• _TASK GOAL_: Below are some records; give them all again exactly, but not the pictures.

Scraped caption text data:
== Segment start ==

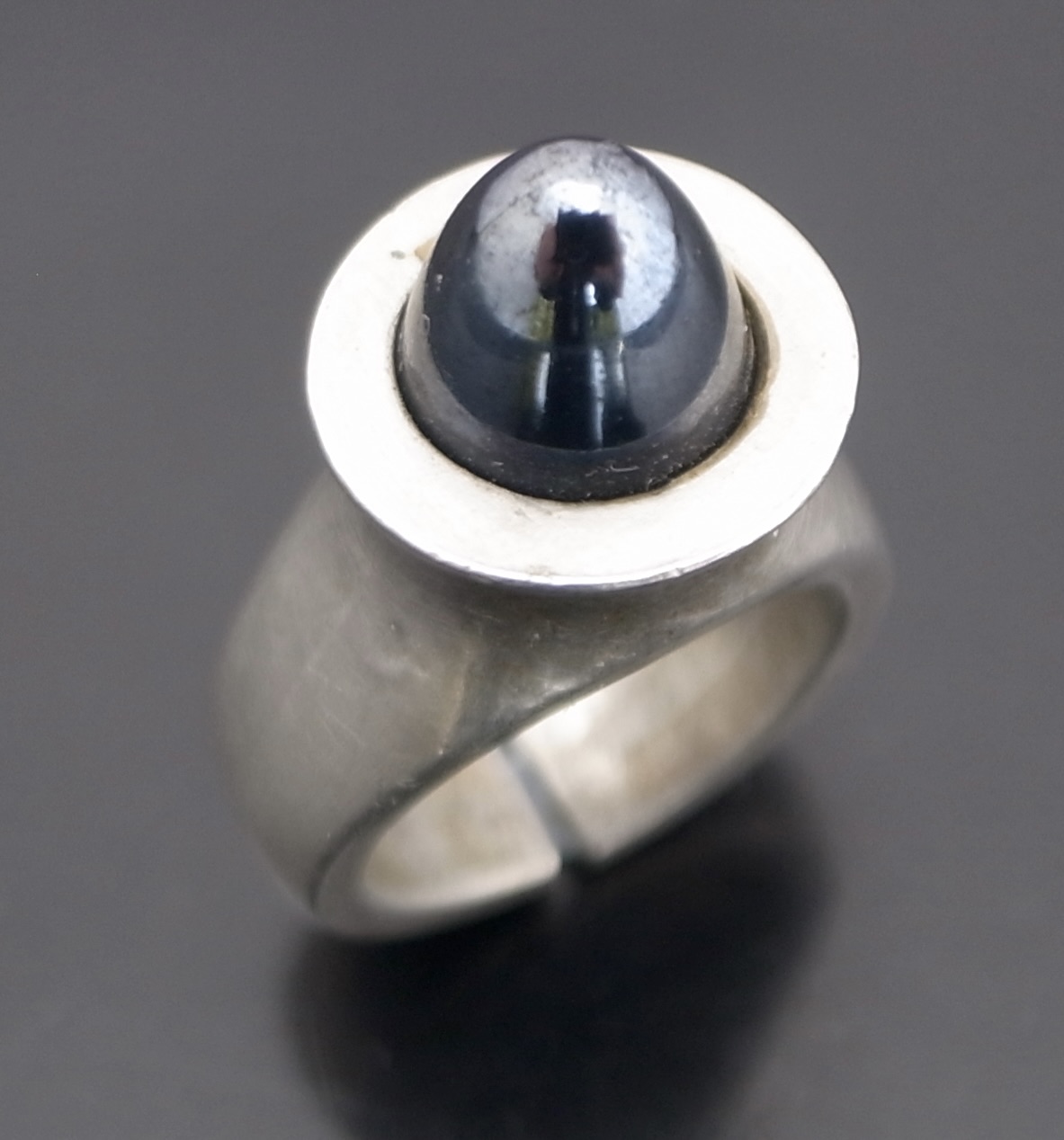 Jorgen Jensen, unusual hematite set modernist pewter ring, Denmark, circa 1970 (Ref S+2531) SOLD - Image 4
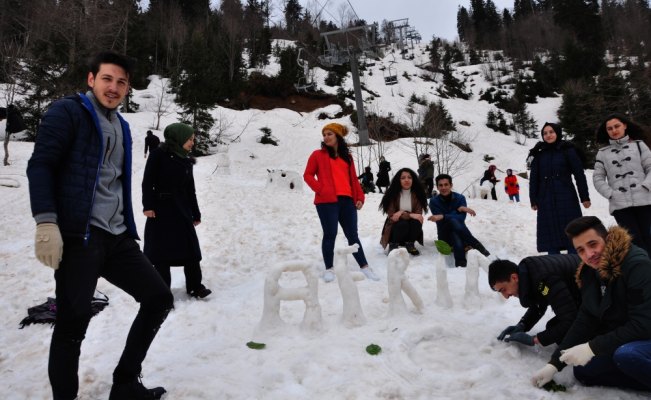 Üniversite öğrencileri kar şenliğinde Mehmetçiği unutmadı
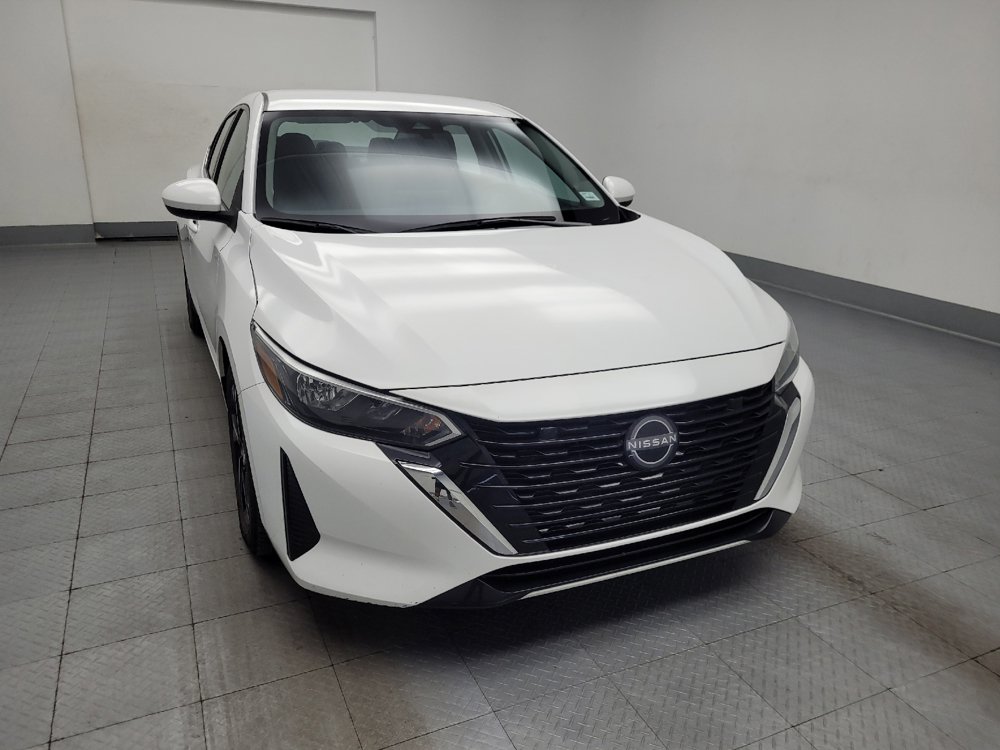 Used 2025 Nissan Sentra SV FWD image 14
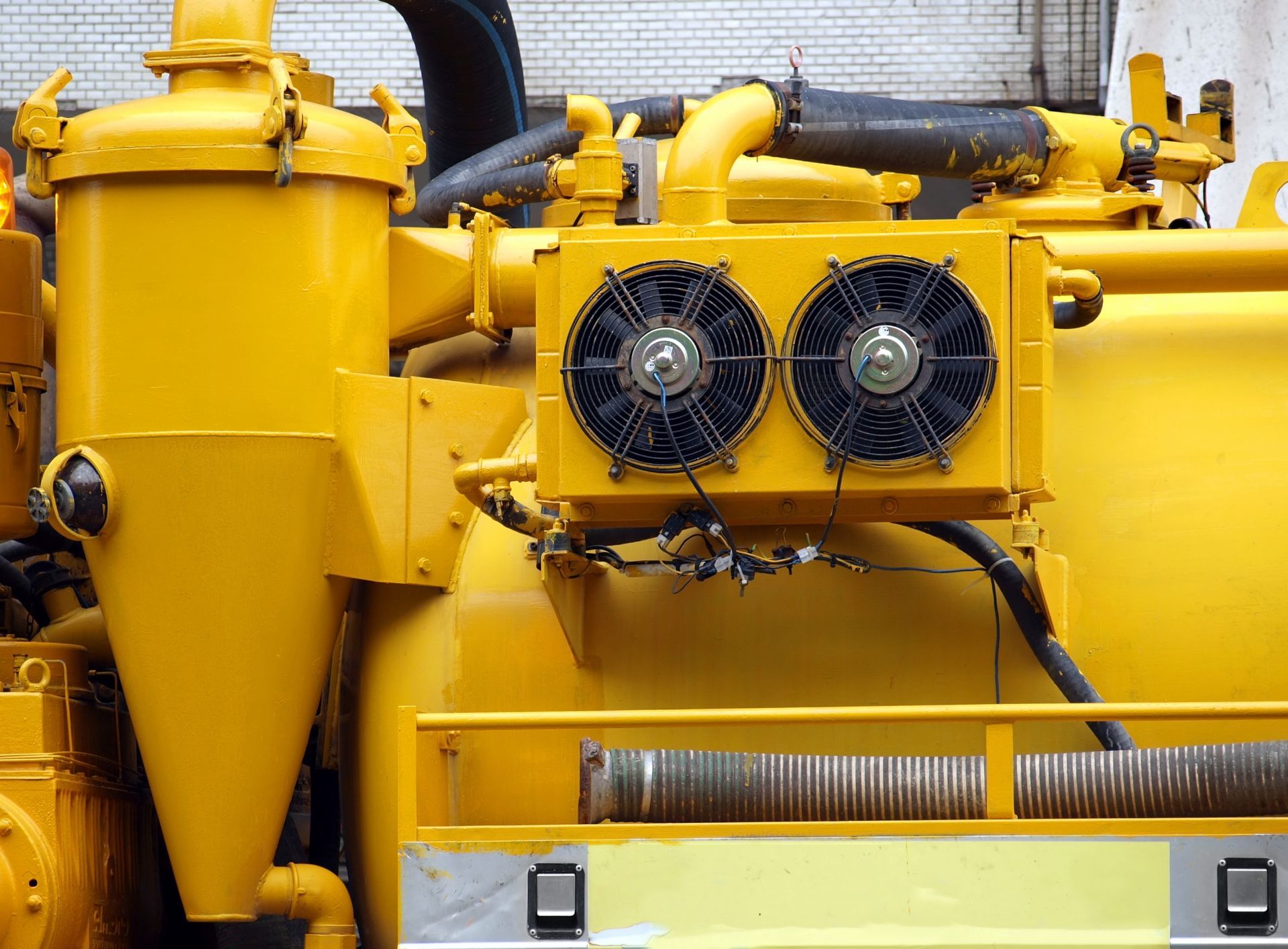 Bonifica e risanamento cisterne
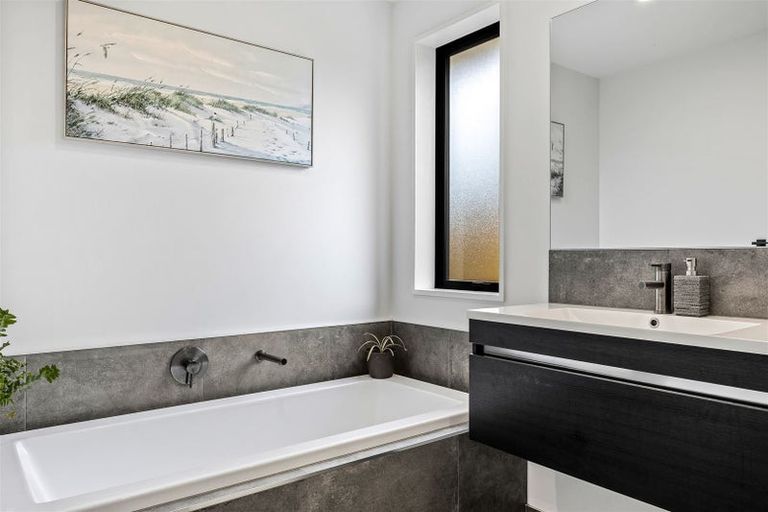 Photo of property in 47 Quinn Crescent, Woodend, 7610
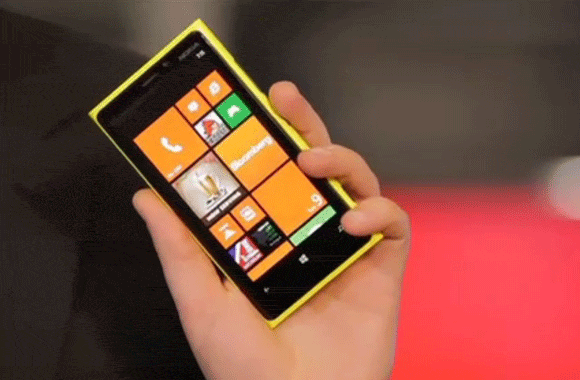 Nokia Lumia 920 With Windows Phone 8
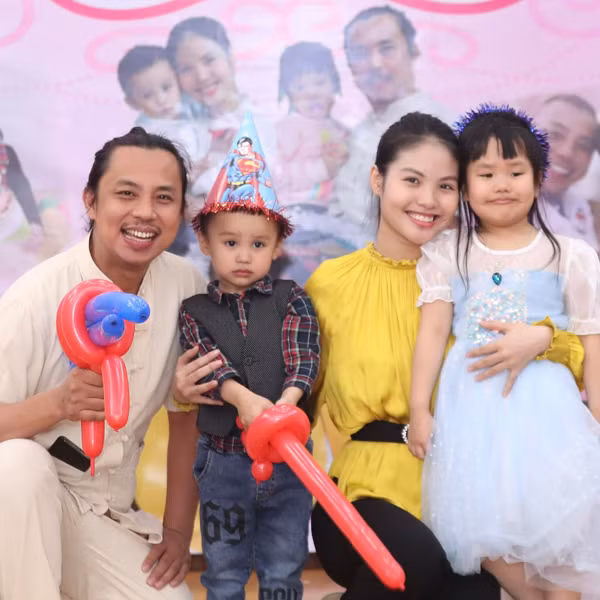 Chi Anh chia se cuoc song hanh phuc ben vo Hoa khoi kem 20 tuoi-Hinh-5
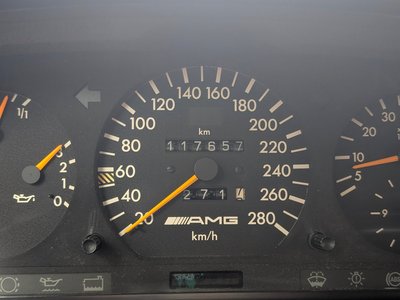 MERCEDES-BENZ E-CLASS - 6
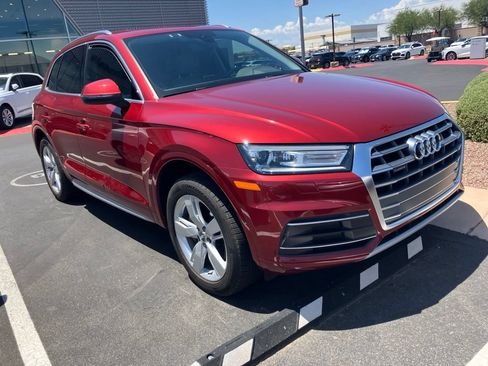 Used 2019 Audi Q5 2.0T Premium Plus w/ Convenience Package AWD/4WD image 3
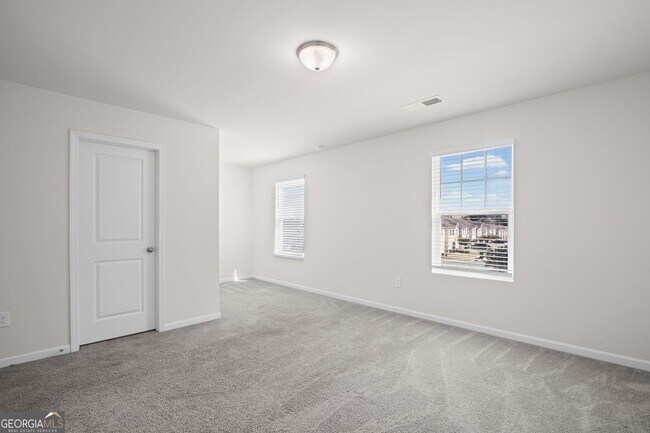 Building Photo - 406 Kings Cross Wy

== Segment end ==

• _WRITTEN ANSWER_:
 Jorgen Jensen, unusual hematite set modernist pewter ring, Denmark, circa 1970 (Ref S+2531) SOLD - Image 4
 Üniversite öğrencileri kar şenliğinde Mehmetçiği unutmadı
 Used 2025 Nissan Sentra SV FWD image 14
 Bonifica e risanamento cisterne
 Photo of property in 47 Quinn Crescent, Woodend, 7610
 Nokia Lumia 920 With Windows Phone 8
 Chi Anh chia se cuoc song hanh phuc ben vo Hoa khoi kem 20 tuoi-Hinh-5
 MERCEDES-BENZ E-CLASS - 6
 Used 2019 Audi Q5 2.0T Premium Plus w/ Convenience Package AWD/4WD image 3
 Building Photo - 406 Kings Cross Wy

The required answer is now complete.